What Motivates People to Click on News Stories

By

In the digital era, a news story’s success is often measured by its page views. Not only that, metrics play a large role in informing editorial decisions, partly because of the assumed link between clicks and audience interests.

While these statements may seem self-evident, a recent study in the academic journal Journalism reveals some cracks in these notions. Researchers at VU Amsterdam, a university in Netherlands, explored 56 news users motivations for clicking or not clicking stories by asking them to share their thoughts, or “think aloud”, as they browsed news online.

The researchers found several reasons for why people click on certain news items and not others. They also suggest that a lack of page views doesn’t necessarily mean users think a news story is not interesting or important.

Click-worthy news stories

Some of the motivations for clicking on news items:

    • They were personally relevant to a reader’s everyday life and offered information for discussions in social settings.
    • Events happened nearby, though what constituted close proximity was subjective.
    • Prominently placed news items received clicks because their location gave the impression that they were important.
    • Follow-up pieces were clicked, granted a user had been tracking the story and the news item had a new development.
    • Headlines with familiar information, such as a name, a news user recalled but could not immediately place.
    • Headlines, even if considered uninteresting, received clicks if accompanied by a visually appealing photo.
    • Amusing or funny headlines attracted clicks, even if story content had little value to users
    • Disheartening headlines garnered clicks, but not if they were perceived as excessively sad. “Feel good” headlines received clicks because of their light-hearted nature and positive affect on the reader, not because they fell into a particular news genre

.

Why people don’t click new items

  • Headline appears informationally complete, so there is no need to read full story.
  • There’s an associative gap between a headline and the story, so readers don’t connect the news item with their pre-existing interest in a topic.
  • Users already know the story, think the news is obvious, or that the news repeats itself (“supersaturation”) too often without providing new developments.
  • Headline is an opinion a news user disagrees with or is dismissed as petty.
  • A news item is too in-depth and the user doesn’t have enough context to understand it.
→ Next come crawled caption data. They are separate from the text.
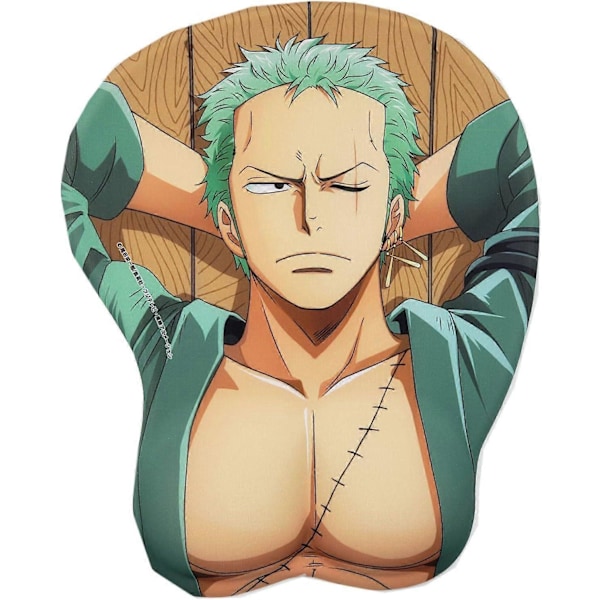 Anime 3D Musmatta med Mjuk Handledsstöd Spel 3D Musmattor 2-vägs Skinn (Mp-Zoro F)
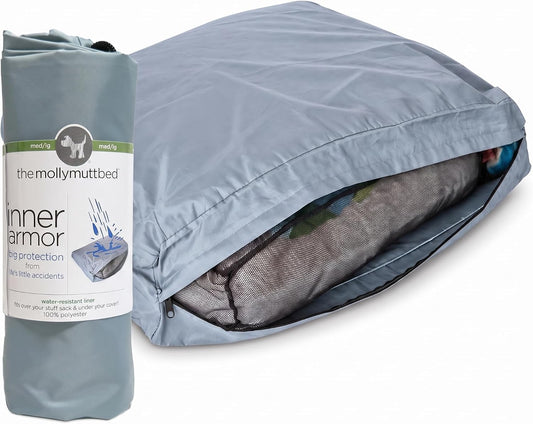 Molly Mutt Water-Resistant Dog Bed Liner, Polyester Bed Liner for Dogs, Easy to Clean, Gray, Medium/Large, 27”x36”x4.75”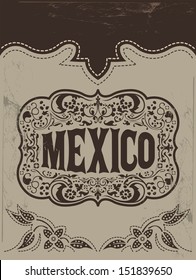 Vintage Mexico - mexican vector poster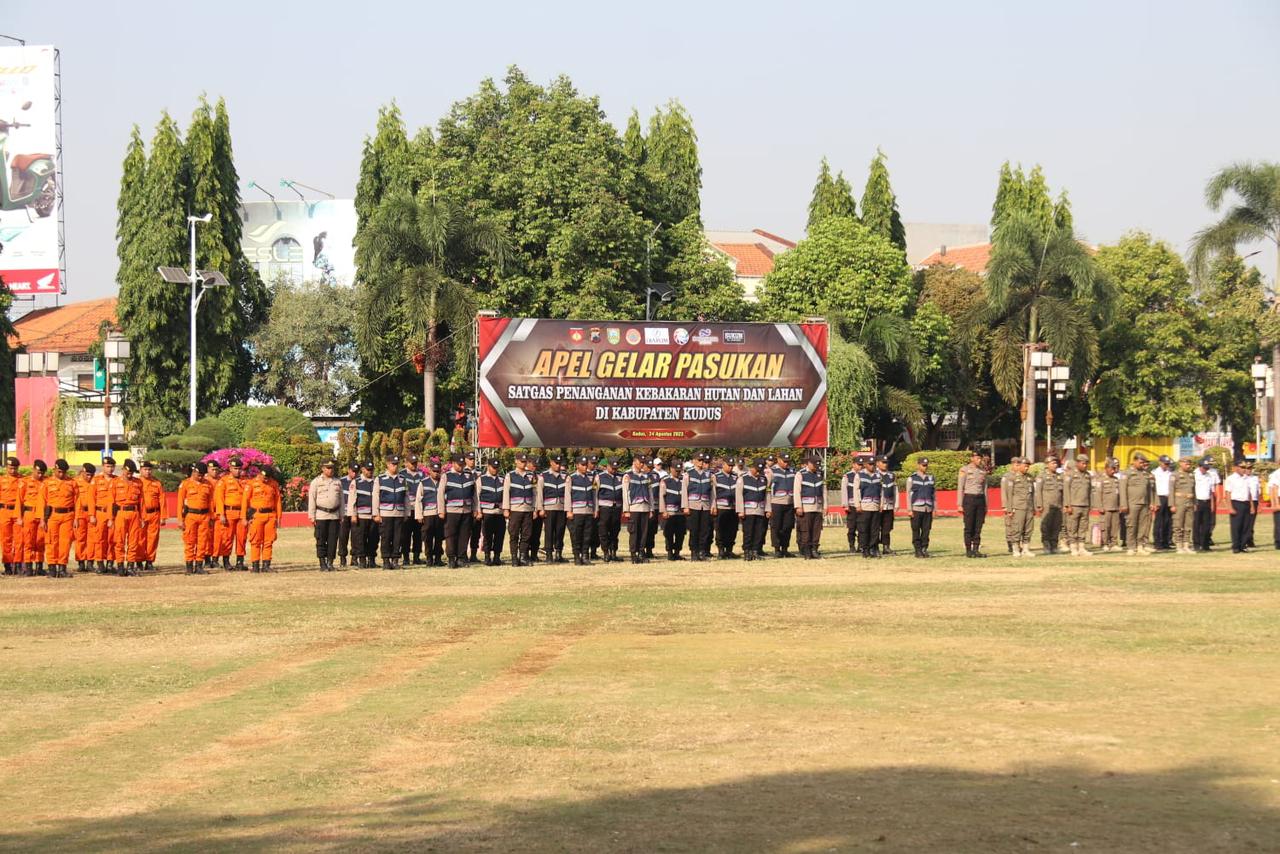 Waspada Karhutla, Polres Kudus Gelar Pasukan Satgas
When not clicking doesn’t mean not interested

There were pragmatic reasons behind why users did not click on stories, even though they were interested in them.

  • Data-heavy stories weren’t clicked because they cost the user too much to view.
  • Items with videos were sometimes avoided because load times and commercials would disrupt user experience
  • Users didn’t have time to read the full story or thought they’d get more information on it later from a different source.

Other news users browsed headlines to stay informed, but were satisfied with this superficial “scanning” or “checking” that they didn’t click on stories. They went online for the news headlines alone.

Takeaways

In terms of page views, these findings give insights into what makes a headline weak versus strong and “clickable,” thus offering direction on how newsrooms can improve. However, behavior from news users who prefer to scan consistently for snack-sized developments suggests a more compulsive and cursory tendency in consuming news, and it’s doubtful that more effort in constructing headlines will translate into higher click through rates from this group.

If an online publication’s goal is to gain more clicks in order to bring in more advertising revenue, experimenting with site design and focusing on user experience may result in solutions that override the pragmatic reasons holding back user engagement.

The study suggests that news users are not simply interested in so-called trivial and soft news items, but that explanations for not clicking on a story are more complex and nuanced. If news organizations can focus in on what users do like, such as personally relevant stories and ones with social utility, while delivering it an user-friendly and and tailored format, it’s possible both to maintain journalistic integrity and better captivate audiences.